• _TASK PROMPT_: Restate each line of the listing exactly, without carrying over any pictures.

= = = = =

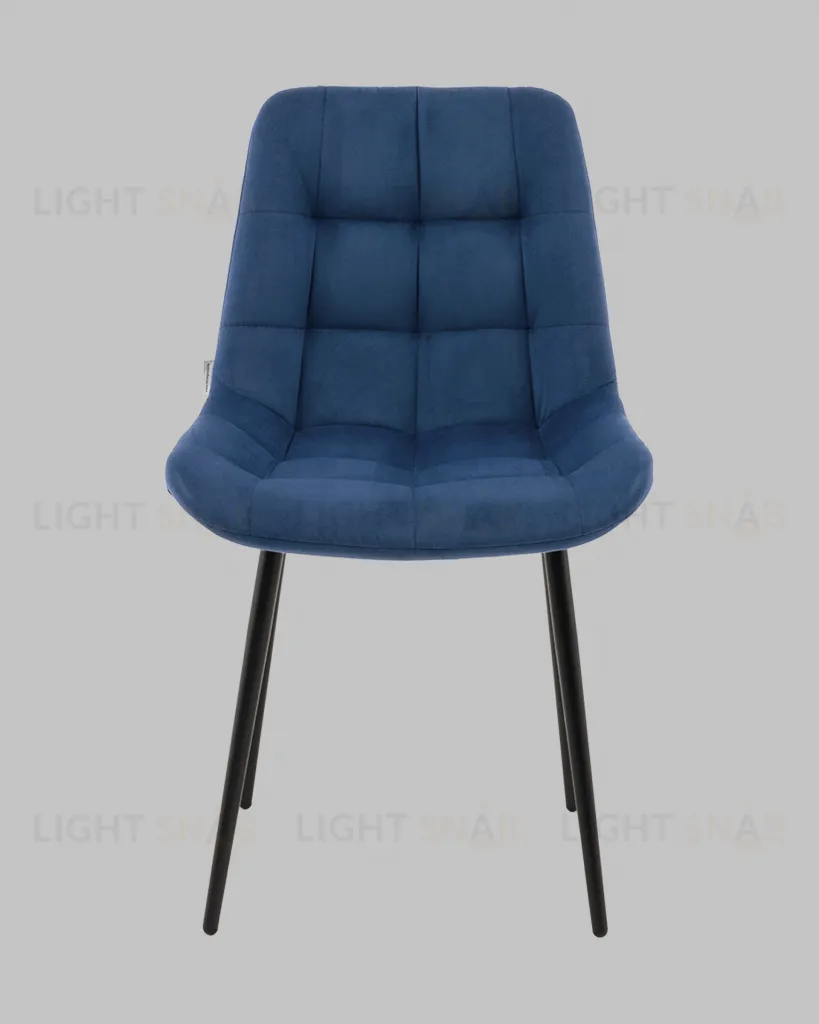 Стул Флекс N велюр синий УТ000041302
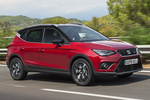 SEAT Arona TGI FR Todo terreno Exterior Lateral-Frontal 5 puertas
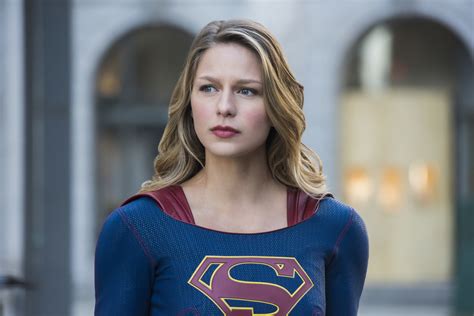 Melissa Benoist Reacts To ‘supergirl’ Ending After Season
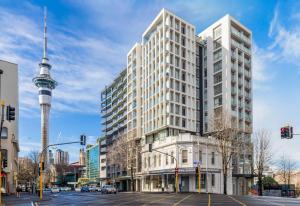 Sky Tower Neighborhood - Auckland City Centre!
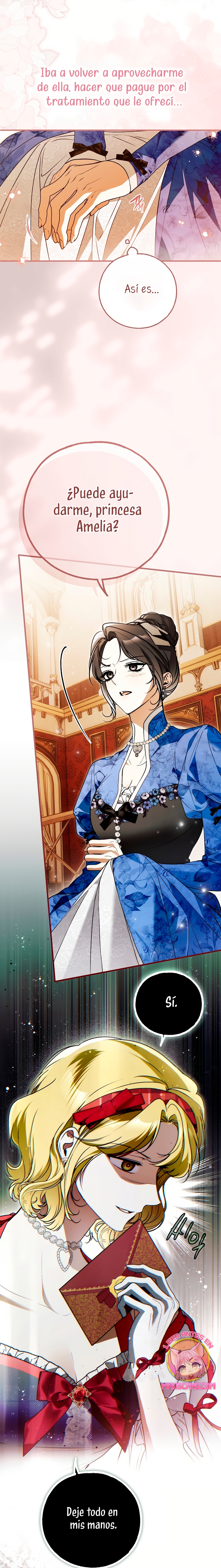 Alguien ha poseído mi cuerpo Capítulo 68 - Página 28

= = = = =

• _WRITTEN ANSWER_:
 Стул Флекс N велюр синий УТ000041302
 SEAT Arona TGI FR Todo terreno Exterior Lateral-Frontal 5 puertas
 Melissa Benoist Reacts To ‘supergirl’ Ending After Season
 Sky Tower Neighborhood - Auckland City Centre!
 Alguien ha poseído mi cuerpo Capítulo 68 - Página 28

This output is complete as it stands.